Tell us about yourself
I’m Henri Vettenranta, a 20-year-old IT student at Tampere University of
Technology. I’ve been fiddling with computers for longer than I’ve even
had one at home, starting on the computers on my mother’s work place
when she had to work on some weekends.
How did you hear of GSoC?
I originally heard of GSoC years ago when it was first introduced, but
couldn’t apply back then because I was too young. This spring I saw the
announcement in the topic of #haiku again and decided to apply.
What convinced you that Haiku is a project worth working on?
I see Haiku as the continuation of BeOS, which is still ahead of other
operating systems in some ways, even though it hasn’t been developed in
nearly a decade. I’d also say Haiku will have the best support for
developing, supporting and running commercial, proprietary software
among the open-source desktop-oriented operating systems.

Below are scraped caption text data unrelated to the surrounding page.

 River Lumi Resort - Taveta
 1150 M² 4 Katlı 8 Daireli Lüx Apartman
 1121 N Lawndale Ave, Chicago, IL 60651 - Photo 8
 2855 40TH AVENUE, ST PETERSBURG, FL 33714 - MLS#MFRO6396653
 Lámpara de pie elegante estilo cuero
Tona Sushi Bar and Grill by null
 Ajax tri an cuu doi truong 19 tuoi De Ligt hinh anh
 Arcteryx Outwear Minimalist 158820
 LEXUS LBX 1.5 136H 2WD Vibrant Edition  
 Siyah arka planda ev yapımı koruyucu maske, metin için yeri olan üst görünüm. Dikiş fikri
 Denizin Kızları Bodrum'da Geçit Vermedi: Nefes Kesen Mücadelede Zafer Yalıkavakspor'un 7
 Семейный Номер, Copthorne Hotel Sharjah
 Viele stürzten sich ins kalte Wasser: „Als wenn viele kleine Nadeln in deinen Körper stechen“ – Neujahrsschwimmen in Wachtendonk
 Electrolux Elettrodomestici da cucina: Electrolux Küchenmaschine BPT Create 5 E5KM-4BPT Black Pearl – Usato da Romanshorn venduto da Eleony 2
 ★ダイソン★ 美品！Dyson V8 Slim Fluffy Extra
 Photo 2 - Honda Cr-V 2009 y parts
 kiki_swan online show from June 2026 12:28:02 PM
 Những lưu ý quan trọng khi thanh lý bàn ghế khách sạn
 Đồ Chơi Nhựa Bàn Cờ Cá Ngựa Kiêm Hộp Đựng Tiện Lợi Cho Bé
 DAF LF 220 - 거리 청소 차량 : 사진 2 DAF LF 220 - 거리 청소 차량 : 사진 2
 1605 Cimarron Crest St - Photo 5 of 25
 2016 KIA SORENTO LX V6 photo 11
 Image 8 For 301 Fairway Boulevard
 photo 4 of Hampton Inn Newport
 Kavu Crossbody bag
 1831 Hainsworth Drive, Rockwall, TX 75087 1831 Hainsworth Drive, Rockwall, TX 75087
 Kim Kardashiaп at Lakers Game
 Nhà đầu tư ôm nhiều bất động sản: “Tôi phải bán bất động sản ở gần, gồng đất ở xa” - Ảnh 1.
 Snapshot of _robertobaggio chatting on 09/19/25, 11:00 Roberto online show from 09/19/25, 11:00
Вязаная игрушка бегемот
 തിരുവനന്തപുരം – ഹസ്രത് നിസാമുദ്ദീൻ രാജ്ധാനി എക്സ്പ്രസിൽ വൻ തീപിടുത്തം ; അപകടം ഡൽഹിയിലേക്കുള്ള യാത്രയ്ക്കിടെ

How’d you first hear about Haiku?
While trying out BeOS I was disappointed with what had happened to it
and Be, so I went looking for options. Haiku was already back then the
only alive project trying to reimplement the Be API, so I was naturally
quite interested in it.
Do you have any experience with BeOS or Zeta?
Yes, although like probably many others, I only tried BeOS first-hand
years after the demise of Be. If I’m not completely mistaken it was
around when Haiku got a working app_server, so that would be early 2005.
I ran BeOS as my primary desktop operating systems for quite a few
months back then, but eventually switched to Ubuntu mostly due to lack
of recent Adobe Flash.
What did you apply to work on, why did that specifically interest you?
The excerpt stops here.